Dei trattamenti analizzati in questa revisione, non tutti sono ancora applicabili in Svizzera, in quanto in territorio elvetico non sono ancora presenti molti percorsi formativi per gli ergoterapisti che lavorano in psichiatria. Molti ergoterapisti utilizzano i principi della Mindfulness e della CBT, tuttavia si ritiene siano necessari studi aggiuntivi che facciano luce sul lavoro degli ergoterapisti svizzeri

con i pazienti affetti da depressione. Tuttavia, dagli studi analizzati si possono trarre spunti interessanti per la pratica professionale. Anzitutto viene posto l’accento sulla prevenzione, che l’ergoterapista può fare nei luoghi di lavoro (vedi metanalisi di Scalan, J. N, & Lewis, J., 2014). Gli ergoterapisti potrebbero offrire programmi di prevenzione e promozione della salute mentale, ingaggiando i datori di lavoro, in quanto è stato dimostrato che questi interventi possono fare una piccola, ma positiva differenza nel prevenire e/o ridurre i sintomi depressivi negli impiegati.

Programmi come il LAST o l’OPTIMAL possono essere presi da esempio per creare, a nostra volta, un intervento specifico sul posto di lavoro per persone affette da depressione. La partecipazione professionale è un’area occupazionale molto compromessa nei pazienti depressi, soprattutto a causa dei sintomi cognitivi; per questo motivo interventi mirati al luogo di lavoro e volti al potenziamento delle strategie e delle abilità potrebbero essere molto efficaci. Infine, ma non meno importante, vi è il lavoro di equipe. Come rilevato dallo studio di Sachie Tanaka et al., (2015), una combinazione di trattamenti selezionati può ridurre la preoccupazione del paziente rispetto alla sua condizione, migliorare la propria percezione della malattia e aumentare la motivazione verso il trattamento e la riabilitazione.

Per quanto concerne il TTM, è stata contattata l’ideatrice Birgitta Gunnarsson, che si è resa disponibile a recarsi personalmente in SUPSI per una conferenza sul suo metodo, che probabilmente si potrà tenere nel 2020.

Differentemente da ciò che si decide di offrire al paziente, è importante essere sempre guidati dal principio di centralità della persona.
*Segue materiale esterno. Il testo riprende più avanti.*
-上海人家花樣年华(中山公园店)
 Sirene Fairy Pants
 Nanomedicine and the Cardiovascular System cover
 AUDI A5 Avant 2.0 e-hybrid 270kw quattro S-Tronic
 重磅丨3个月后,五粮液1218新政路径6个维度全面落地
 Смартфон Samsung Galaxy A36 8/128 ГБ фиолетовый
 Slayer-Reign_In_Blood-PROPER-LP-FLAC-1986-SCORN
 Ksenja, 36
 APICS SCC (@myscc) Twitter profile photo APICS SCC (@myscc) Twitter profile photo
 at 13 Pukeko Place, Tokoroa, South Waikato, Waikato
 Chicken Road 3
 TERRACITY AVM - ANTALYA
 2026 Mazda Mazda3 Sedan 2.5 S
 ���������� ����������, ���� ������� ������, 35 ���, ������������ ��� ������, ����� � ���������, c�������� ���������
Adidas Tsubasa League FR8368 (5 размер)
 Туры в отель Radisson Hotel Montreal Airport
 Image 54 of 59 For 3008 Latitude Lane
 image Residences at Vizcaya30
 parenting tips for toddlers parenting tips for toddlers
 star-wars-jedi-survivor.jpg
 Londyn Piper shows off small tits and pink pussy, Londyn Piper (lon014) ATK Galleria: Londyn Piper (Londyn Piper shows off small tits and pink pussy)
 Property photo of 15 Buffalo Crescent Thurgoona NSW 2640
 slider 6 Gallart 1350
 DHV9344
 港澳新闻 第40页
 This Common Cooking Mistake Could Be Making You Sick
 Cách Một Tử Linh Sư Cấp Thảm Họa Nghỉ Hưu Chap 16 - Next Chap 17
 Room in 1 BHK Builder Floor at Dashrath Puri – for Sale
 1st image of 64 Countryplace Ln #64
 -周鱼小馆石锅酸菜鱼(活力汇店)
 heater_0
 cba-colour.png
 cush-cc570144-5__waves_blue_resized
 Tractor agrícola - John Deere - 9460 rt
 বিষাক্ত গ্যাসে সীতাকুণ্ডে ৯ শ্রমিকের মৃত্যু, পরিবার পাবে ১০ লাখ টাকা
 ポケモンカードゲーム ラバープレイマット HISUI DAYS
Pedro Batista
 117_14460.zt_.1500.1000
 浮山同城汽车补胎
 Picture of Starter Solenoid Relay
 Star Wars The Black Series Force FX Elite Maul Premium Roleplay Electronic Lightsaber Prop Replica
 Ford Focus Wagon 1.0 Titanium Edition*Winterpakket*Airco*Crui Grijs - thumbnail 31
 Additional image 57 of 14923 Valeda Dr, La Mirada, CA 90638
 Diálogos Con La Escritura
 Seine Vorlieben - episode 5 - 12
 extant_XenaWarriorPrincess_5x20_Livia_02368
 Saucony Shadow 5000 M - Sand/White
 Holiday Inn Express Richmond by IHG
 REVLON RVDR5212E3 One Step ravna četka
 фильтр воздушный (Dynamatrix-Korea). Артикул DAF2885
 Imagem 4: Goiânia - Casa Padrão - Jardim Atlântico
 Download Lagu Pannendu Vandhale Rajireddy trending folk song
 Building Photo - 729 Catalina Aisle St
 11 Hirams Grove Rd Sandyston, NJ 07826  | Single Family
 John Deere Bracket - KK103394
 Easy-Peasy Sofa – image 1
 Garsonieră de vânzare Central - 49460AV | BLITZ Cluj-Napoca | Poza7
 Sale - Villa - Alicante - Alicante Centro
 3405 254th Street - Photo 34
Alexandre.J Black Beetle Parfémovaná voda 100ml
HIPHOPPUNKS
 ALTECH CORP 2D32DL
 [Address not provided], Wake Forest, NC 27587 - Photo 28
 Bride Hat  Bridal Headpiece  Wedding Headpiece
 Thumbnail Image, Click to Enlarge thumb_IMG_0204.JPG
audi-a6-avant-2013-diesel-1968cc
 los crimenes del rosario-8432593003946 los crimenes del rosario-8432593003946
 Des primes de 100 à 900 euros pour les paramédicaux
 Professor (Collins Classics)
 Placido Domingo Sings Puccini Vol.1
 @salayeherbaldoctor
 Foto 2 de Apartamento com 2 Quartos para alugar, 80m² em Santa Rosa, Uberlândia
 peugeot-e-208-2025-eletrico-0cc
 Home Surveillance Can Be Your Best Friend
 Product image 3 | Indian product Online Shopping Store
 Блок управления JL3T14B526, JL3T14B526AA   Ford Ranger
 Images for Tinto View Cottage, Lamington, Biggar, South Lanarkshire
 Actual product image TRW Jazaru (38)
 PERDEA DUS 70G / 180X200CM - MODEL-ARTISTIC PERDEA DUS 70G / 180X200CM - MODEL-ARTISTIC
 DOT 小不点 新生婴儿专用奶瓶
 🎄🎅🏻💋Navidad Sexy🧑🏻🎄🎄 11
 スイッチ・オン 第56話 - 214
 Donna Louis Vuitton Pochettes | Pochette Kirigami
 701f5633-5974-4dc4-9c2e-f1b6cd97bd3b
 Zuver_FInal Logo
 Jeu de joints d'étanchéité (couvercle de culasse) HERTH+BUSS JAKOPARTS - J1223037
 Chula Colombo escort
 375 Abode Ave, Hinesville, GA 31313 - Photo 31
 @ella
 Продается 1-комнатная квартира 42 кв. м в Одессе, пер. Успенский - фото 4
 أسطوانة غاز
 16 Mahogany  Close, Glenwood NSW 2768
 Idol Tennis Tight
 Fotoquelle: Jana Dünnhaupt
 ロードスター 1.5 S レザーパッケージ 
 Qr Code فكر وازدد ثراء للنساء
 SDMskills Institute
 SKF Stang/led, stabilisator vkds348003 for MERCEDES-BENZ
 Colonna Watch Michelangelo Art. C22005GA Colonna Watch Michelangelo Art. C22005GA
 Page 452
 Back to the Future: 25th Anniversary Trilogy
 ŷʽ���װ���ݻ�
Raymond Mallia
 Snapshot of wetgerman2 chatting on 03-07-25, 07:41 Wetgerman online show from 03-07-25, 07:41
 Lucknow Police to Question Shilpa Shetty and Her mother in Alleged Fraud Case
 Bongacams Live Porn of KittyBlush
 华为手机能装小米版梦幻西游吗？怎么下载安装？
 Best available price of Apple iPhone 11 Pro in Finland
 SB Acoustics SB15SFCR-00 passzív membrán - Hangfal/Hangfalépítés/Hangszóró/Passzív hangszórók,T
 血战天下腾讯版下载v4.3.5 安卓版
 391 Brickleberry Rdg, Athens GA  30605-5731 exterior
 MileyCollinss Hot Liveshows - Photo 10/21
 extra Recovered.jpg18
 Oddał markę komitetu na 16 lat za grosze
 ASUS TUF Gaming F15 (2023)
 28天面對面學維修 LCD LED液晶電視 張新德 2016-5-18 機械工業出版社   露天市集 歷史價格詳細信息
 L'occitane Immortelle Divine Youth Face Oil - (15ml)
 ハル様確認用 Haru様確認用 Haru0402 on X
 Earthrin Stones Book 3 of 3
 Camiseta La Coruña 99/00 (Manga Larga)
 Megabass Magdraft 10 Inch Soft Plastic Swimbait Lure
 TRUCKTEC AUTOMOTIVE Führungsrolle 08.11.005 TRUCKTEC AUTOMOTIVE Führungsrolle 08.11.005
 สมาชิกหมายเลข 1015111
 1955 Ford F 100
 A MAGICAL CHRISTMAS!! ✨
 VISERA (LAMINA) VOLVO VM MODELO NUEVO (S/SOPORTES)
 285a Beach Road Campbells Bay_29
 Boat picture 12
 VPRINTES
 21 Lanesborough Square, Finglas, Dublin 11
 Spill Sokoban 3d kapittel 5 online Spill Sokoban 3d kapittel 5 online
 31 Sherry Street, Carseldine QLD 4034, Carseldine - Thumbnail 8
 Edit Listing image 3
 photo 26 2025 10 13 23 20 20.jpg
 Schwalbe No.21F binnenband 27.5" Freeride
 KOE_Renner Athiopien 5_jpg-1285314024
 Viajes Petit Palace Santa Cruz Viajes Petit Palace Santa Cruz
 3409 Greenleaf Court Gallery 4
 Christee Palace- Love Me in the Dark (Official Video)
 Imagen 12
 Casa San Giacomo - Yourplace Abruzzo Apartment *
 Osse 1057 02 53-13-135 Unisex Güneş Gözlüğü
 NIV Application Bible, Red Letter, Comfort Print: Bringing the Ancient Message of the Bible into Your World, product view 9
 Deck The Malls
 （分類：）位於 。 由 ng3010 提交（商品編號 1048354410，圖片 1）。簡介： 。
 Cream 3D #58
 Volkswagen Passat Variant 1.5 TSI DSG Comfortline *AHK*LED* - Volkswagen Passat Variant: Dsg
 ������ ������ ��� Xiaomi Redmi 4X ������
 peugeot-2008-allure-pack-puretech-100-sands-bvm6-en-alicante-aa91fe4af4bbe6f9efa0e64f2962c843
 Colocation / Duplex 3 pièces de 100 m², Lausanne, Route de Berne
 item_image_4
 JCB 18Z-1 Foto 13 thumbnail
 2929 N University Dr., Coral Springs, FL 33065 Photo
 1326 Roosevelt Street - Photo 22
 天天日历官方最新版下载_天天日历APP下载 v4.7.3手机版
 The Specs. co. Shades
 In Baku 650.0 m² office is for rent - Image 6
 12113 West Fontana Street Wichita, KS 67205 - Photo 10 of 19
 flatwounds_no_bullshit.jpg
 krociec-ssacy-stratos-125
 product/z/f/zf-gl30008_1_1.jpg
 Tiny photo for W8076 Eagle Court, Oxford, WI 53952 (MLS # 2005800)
Il cliente, con la sua storia e la sua unicità, è il protagonista del processo di cura, mentre il terapeuta è semplicemente un facilitatore di questa trasformazione. Ma soprattutto non ha senso insistere nel curare pazienti con cui, al di là delle nostre competenze e del nostro impegno, non si è creato un clima di reciproca fiducia (Borgna, 2017). Gli intrecci emozionali, la predisposizione personale, la presenza, o meno, di consonanze o dissonanze con le persone che curiamo hanno una profonda importanza nel facilitare, o nell’ostacolare, lo svolgimento della cura; e la fiducia ne è condizione necessaria (Borgna, 2017).